The mask was expensive. It's what's known as a sock mask, and was the only thing I could find that would fit on my head without flopping around, and could actually SEE out of. It had the added benefit of being made so that the lower jaw of the skull moved with YOUR skull when you talked. I was the girl with the talking skull mask. I was famous in some sort of bizarre way. It's still in good shape. At one point I had painted a thin layer of glow-in-the-dark fabric paint on it, but I imagine it's long since worn off. The hood and the cape are in good shape, too, except for the smell. They smell DISTINCTLY of,well, haunted house. I'm not sure how to describe it exactly, except a combination of fog juice, gravel dust, nightime park air, and gasoline.

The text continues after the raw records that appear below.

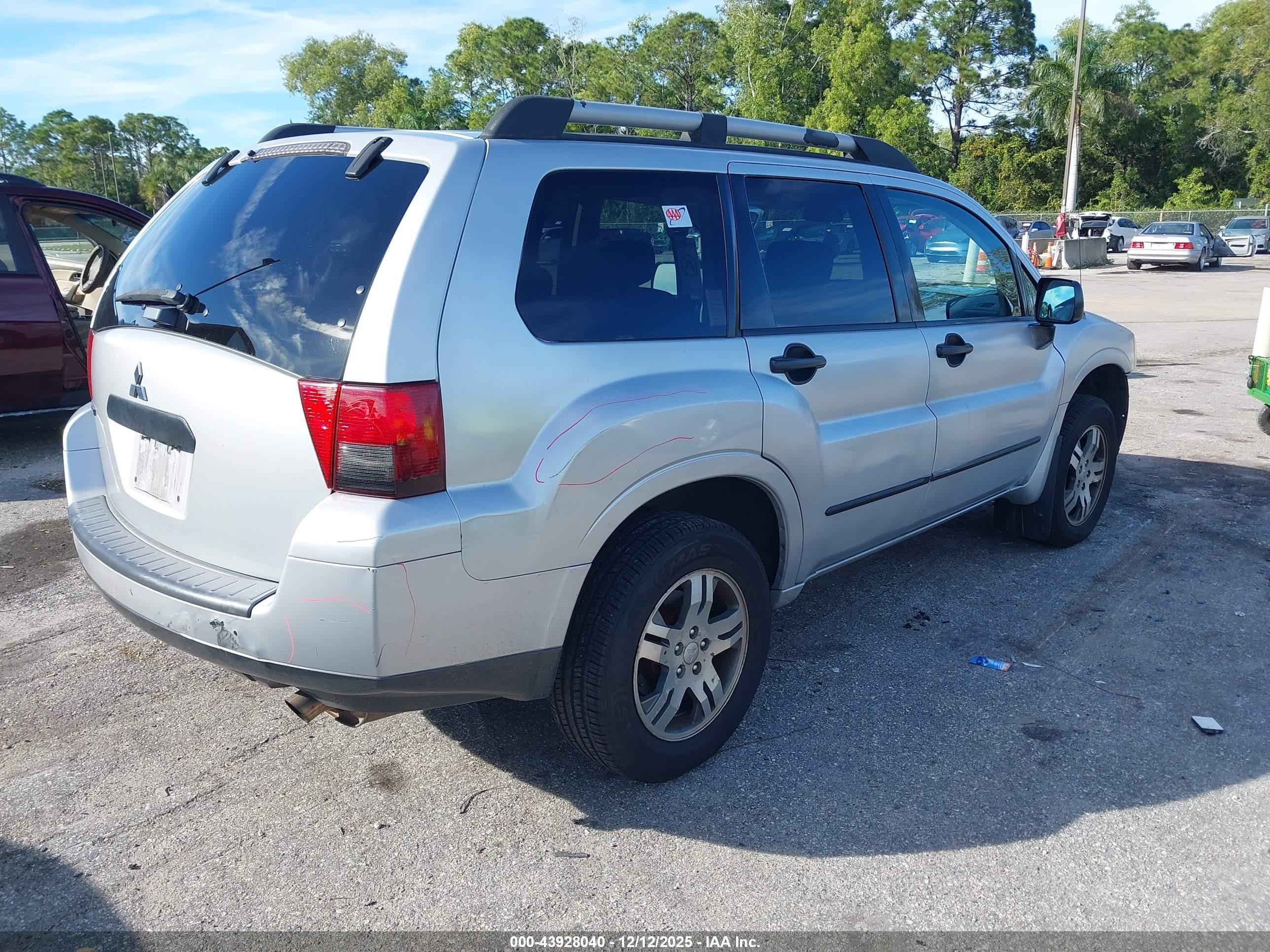 2006 Mitsubishi Endeavor Ls Silver vin: 4A4MM21S46E076861
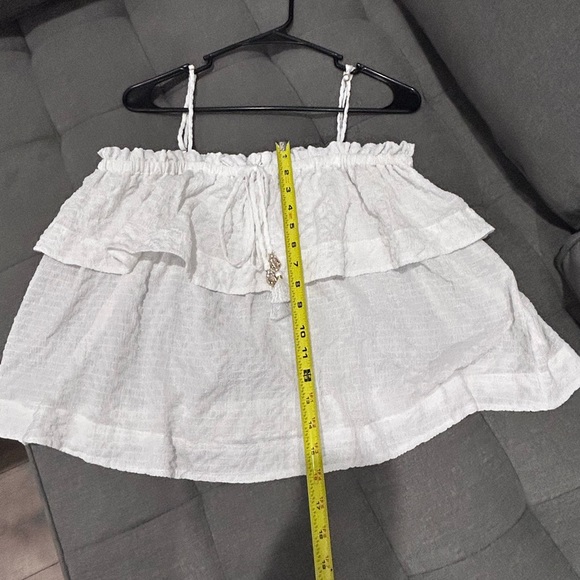 💰PRICE⬇️  
 LILLY PULITZER • White Off The Shoulder Top • sz L • - Picture 5 of 8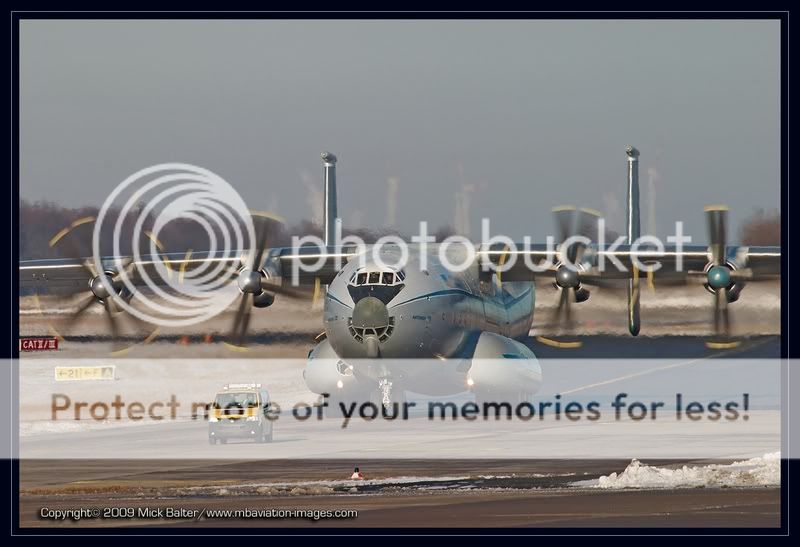 MBAviationImagesAntonovHahnTaxiingS.jpg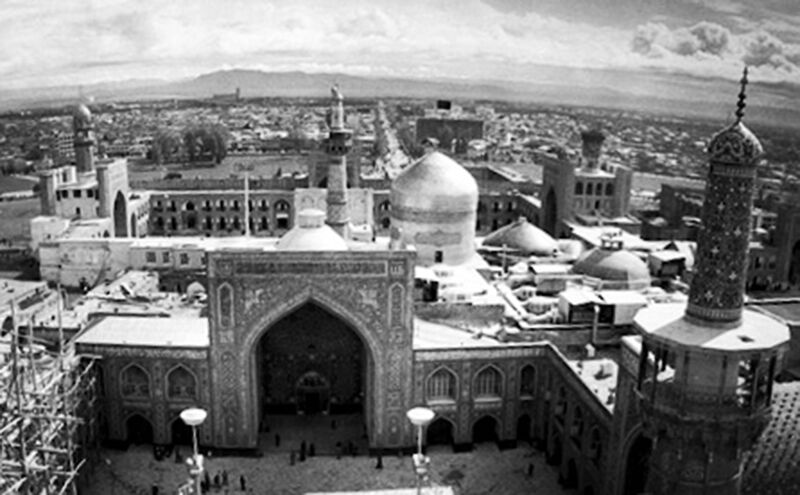 عکس‌های قاجاری حرم مطهر رضوی در موزه ملک به نمایش درمی‌آید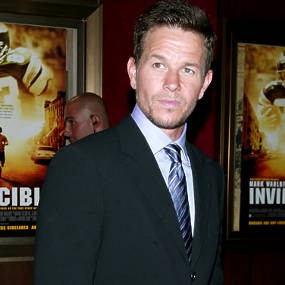 Mark Wahlberg Menerima Bintang Walk of Fame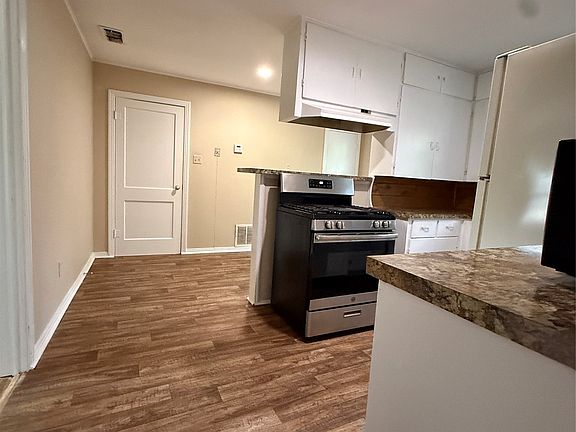 3rd image of 711 Saint Thomas Dr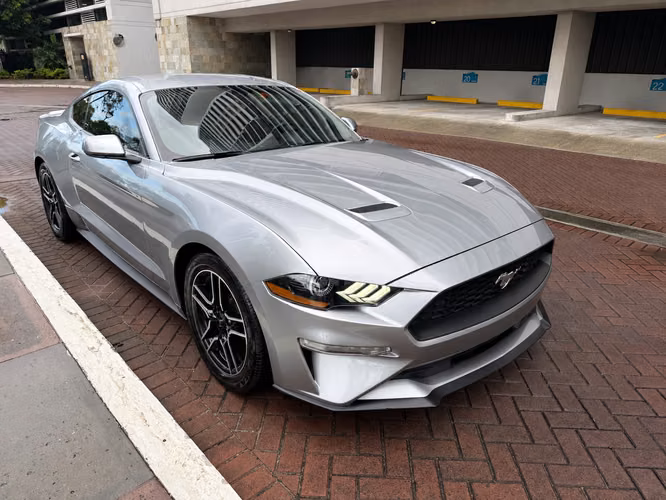 Ford Mustang Fastback 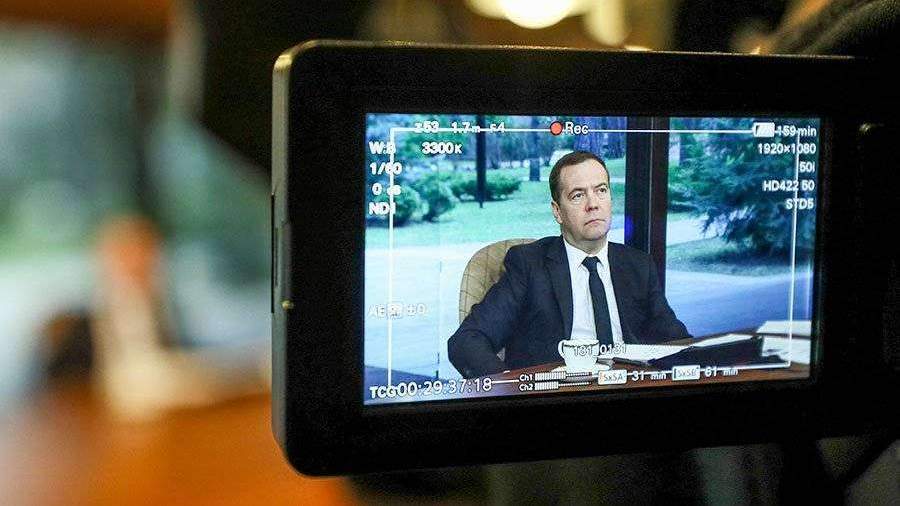 Медведев призвал корректировать законы из-за коронавируса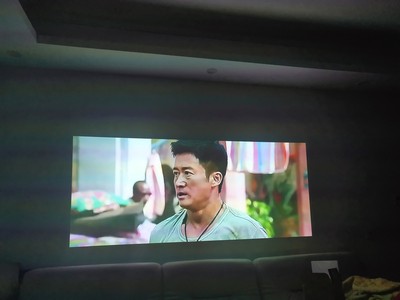 讨论反馈坚果V9投影仪怎么样，真有评测说的哪么神乎？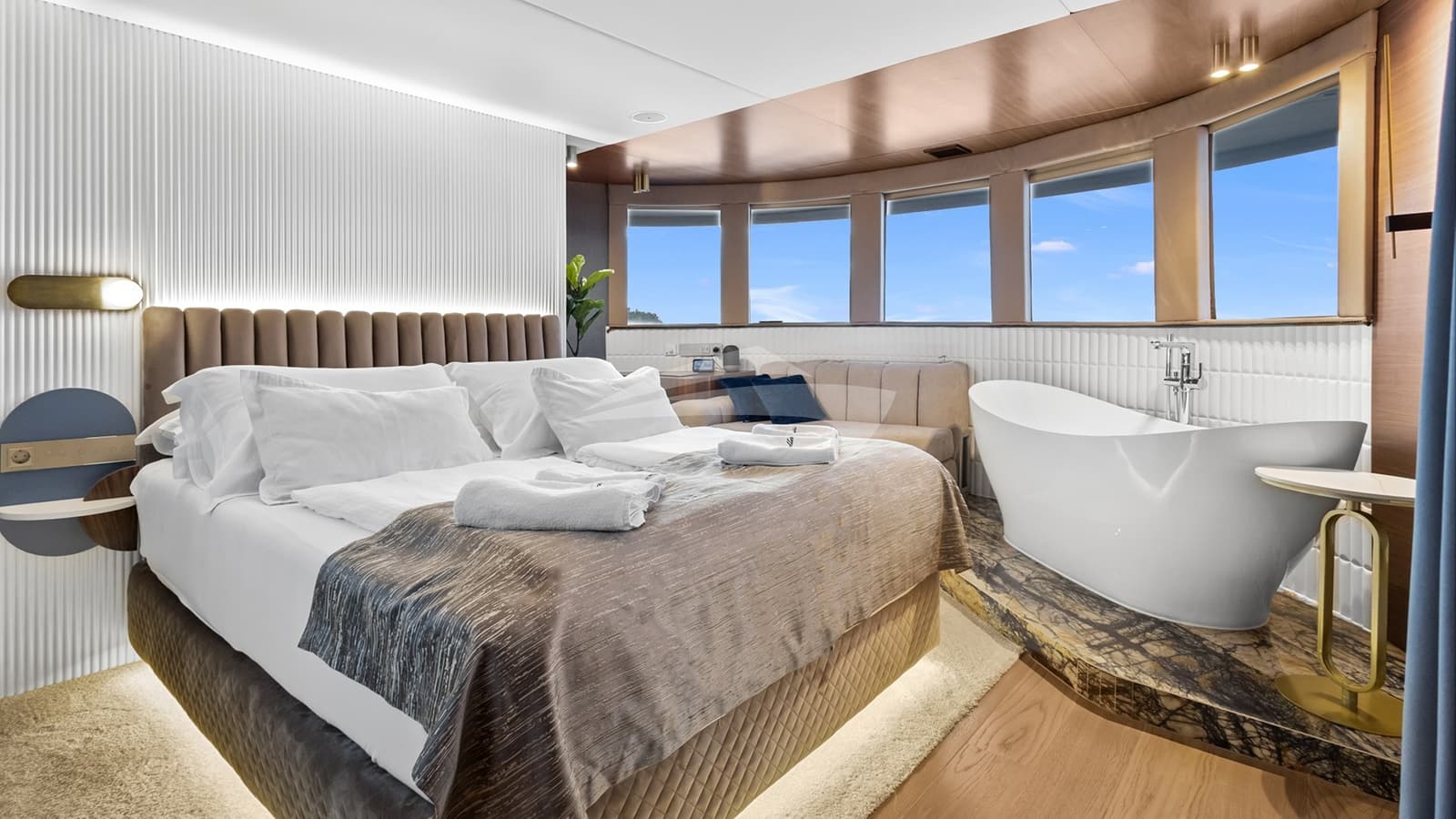 BELLA, photo from the yacht portfolio 26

Smells bring back lots of memories. I had fun, back then, but it's time to clear out space. Just . . . what to DO with them? A quick wash will take care of the cape and hood, and I need to find out what to use on the mask. A good home is what it needs. I wonder if there's a haunted house somewhere in need of props? Make me an offer, if you want it! (I accept cookies and ice cream.)
Thursday, June 08, 2006
Llanfairpwllgwyngyllgogerychwyrndrobwllllantysiliogogogoch - Wikipedia, the free encyclopedia
Friday, June 02, 2006
Now please release the Maverick series and the Addams family.